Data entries
..............................

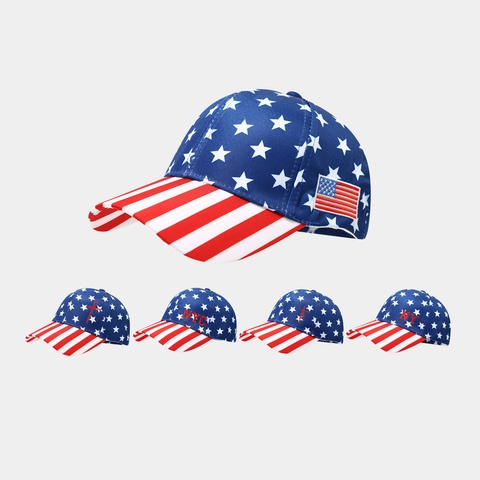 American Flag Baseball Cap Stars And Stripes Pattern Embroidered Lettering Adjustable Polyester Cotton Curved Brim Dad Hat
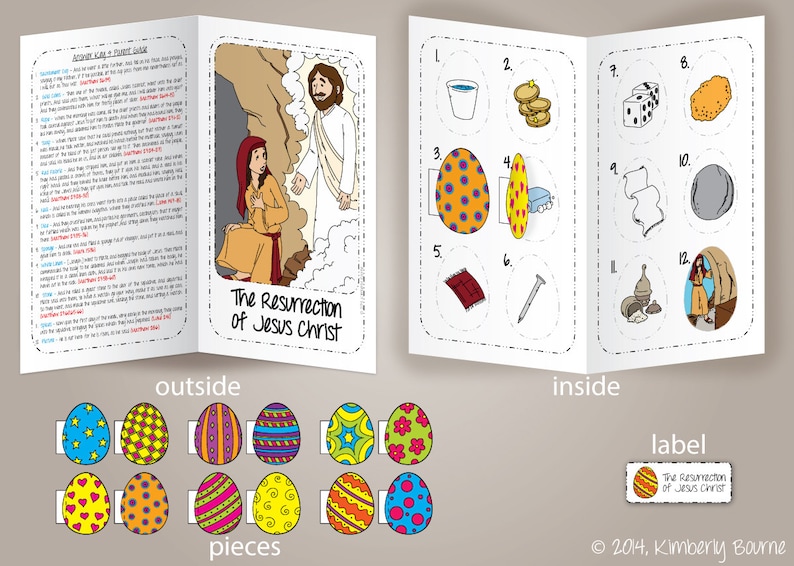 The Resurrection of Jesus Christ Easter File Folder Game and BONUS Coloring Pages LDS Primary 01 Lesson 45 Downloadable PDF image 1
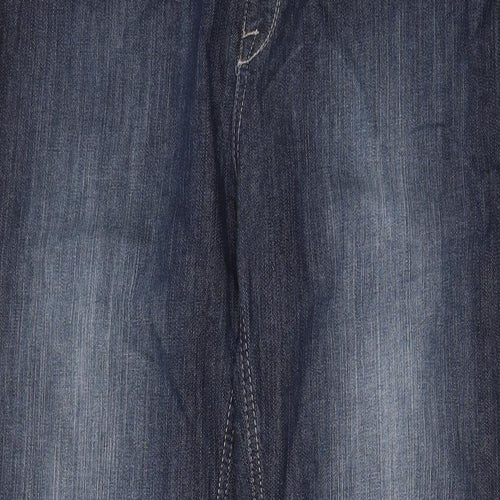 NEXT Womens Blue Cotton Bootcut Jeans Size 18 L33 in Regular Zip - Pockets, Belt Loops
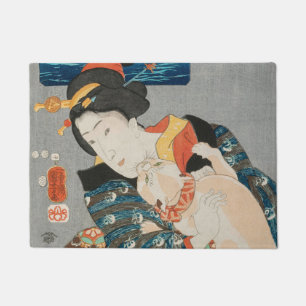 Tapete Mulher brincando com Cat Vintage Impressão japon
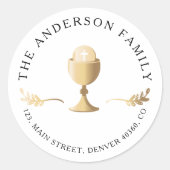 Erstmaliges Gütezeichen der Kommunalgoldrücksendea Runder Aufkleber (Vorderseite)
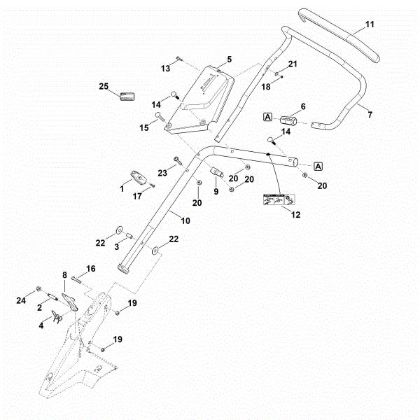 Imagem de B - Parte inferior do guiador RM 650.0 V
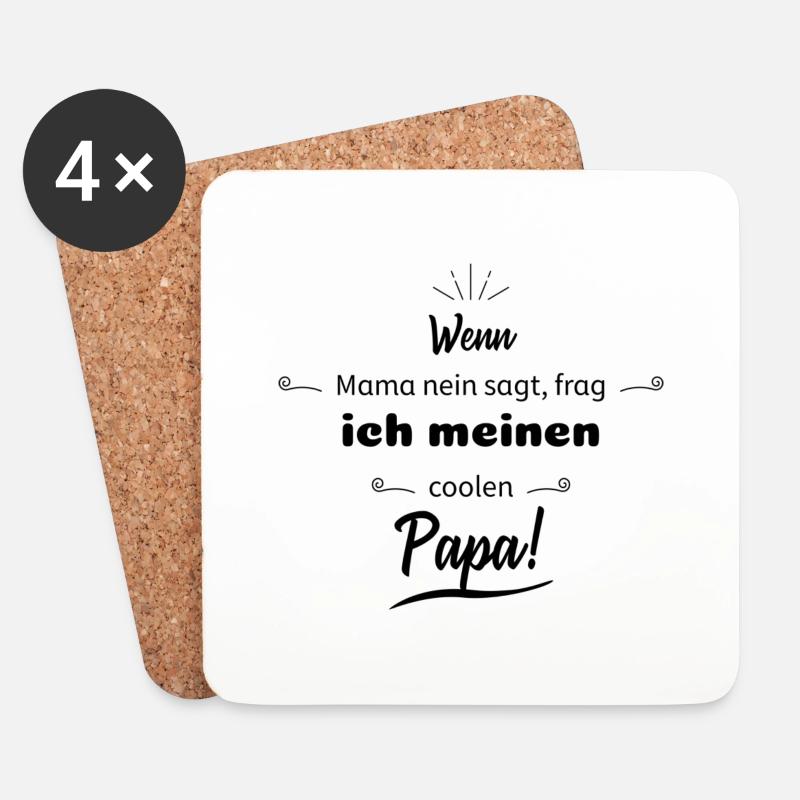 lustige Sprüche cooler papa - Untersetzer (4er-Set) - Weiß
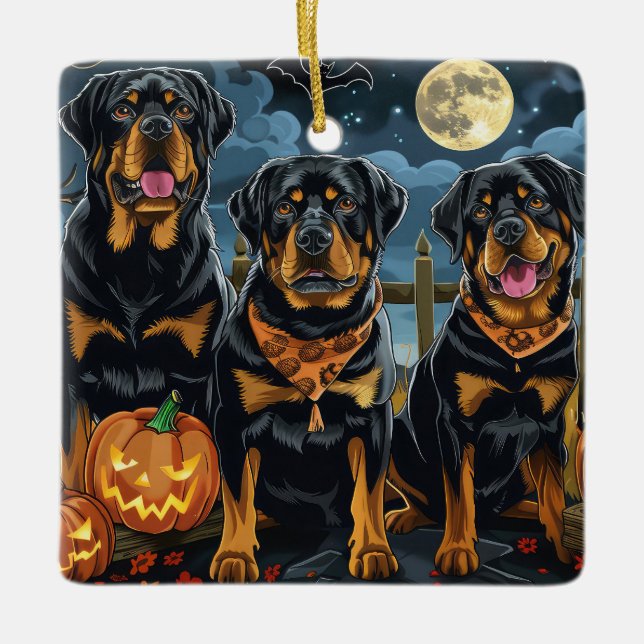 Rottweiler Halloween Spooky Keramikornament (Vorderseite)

..............................

ACTIVITY:
Exclude all pictures and reproduce verbatim the lines running from the line that contains "lustige Sprüche cooler" to the end of the data above, both ends included.

TASK OUTPUT:
 lustige Sprüche cooler papa - Untersetzer (4er-Set) - Weiß
 Rottweiler Halloween Spooky Keramikornament (Vorderseite)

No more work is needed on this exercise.